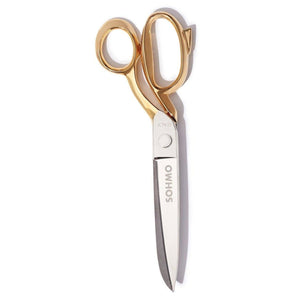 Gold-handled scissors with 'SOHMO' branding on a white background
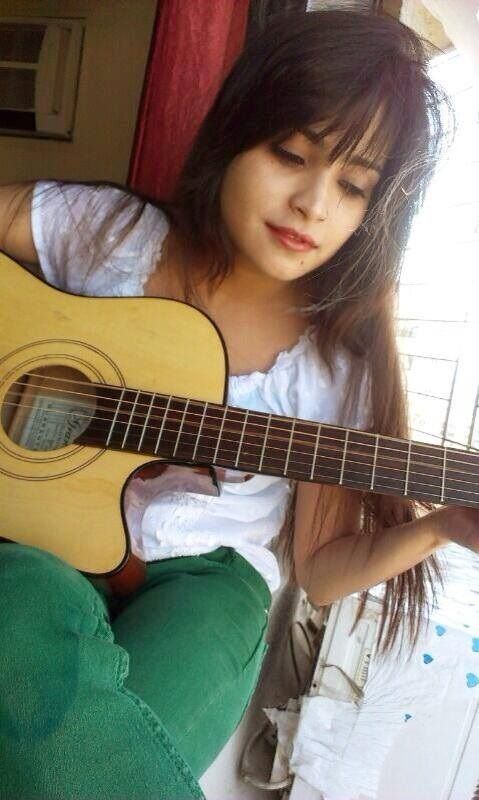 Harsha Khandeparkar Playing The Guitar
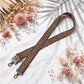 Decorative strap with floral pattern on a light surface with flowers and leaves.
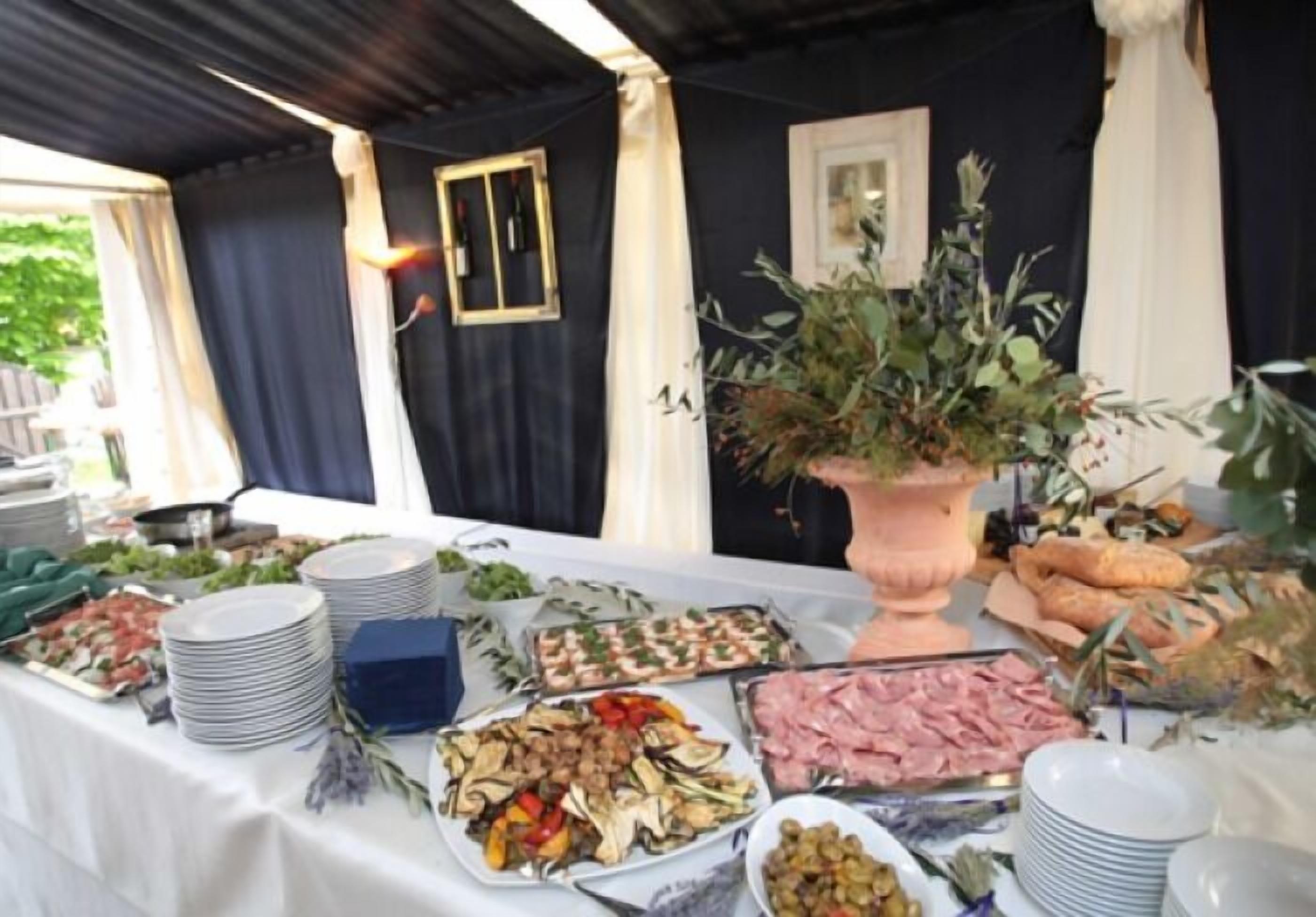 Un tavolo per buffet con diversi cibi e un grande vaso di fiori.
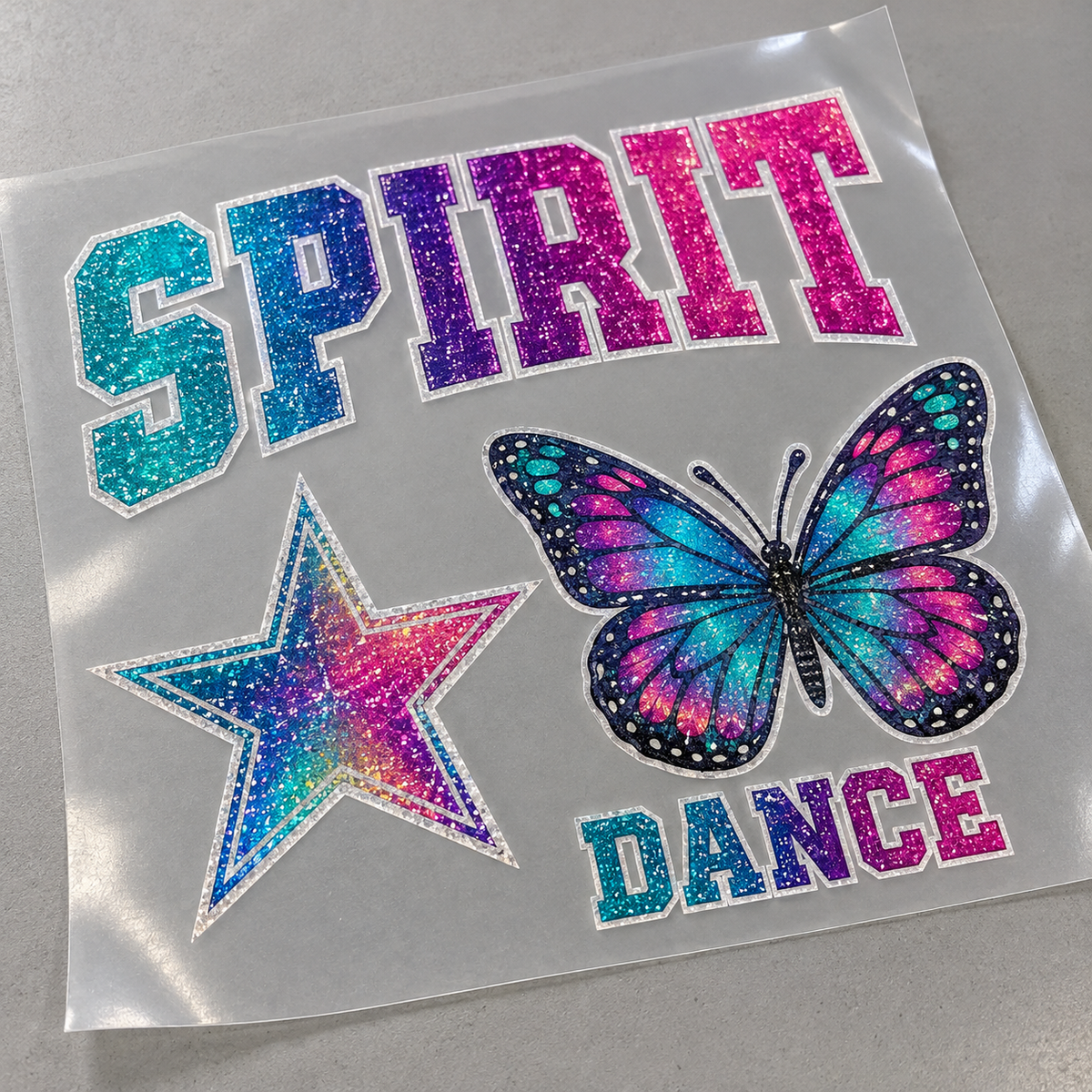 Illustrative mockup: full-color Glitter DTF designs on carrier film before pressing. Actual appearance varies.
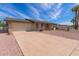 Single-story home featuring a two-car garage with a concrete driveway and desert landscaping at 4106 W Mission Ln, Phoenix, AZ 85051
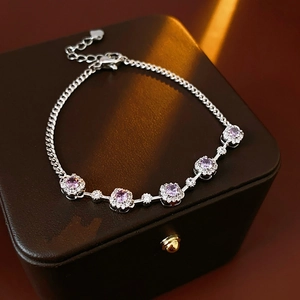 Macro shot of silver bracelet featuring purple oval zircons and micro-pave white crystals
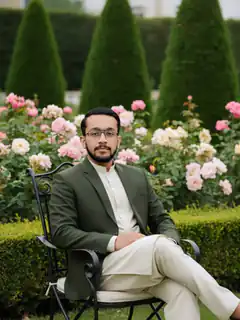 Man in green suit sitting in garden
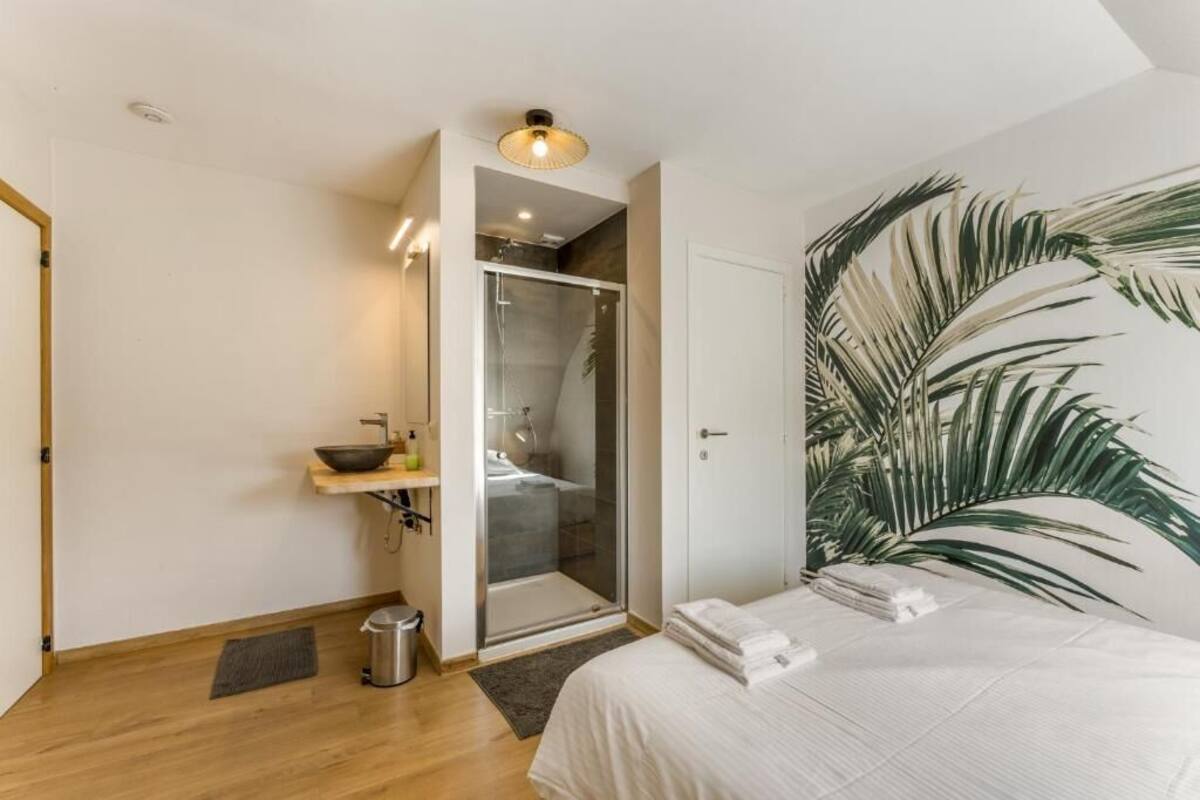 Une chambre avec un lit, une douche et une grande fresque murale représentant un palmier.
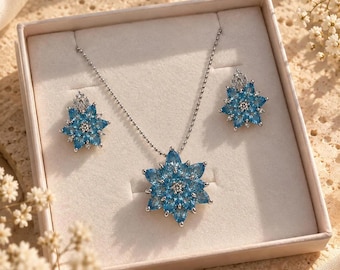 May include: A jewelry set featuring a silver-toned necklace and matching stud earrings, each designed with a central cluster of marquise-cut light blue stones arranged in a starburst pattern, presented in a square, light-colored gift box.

--------------------------------

Exercise —
Minus its pictures, the full listing should be copied verbatim.

Solution to this task —
 Gold-handled scissors with 'SOHMO' branding on a white background
 Harsha Khandeparkar Playing The Guitar
 Decorative strap with floral pattern on a light surface with flowers and leaves.
 Un tavolo per buffet con diversi cibi e un grande vaso di fiori.
 Illustrative mockup: full-color Glitter DTF designs on carrier film before pressing. Actual appearance varies.
 Single-story home featuring a two-car garage with a concrete driveway and desert landscaping at 4106 W Mission Ln, Phoenix, AZ 85051
 Macro shot of silver bracelet featuring purple oval zircons and micro-pave white crystals
 Man in green suit sitting in garden
 Une chambre avec un lit, une douche et une grande fresque murale représentant un palmier.
 May include: A jewelry set featuring a silver-toned necklace and matching stud earrings, each designed with a central cluster of marquise-cut light blue stones arranged in a starburst pattern, presented in a square, light-colored gift box.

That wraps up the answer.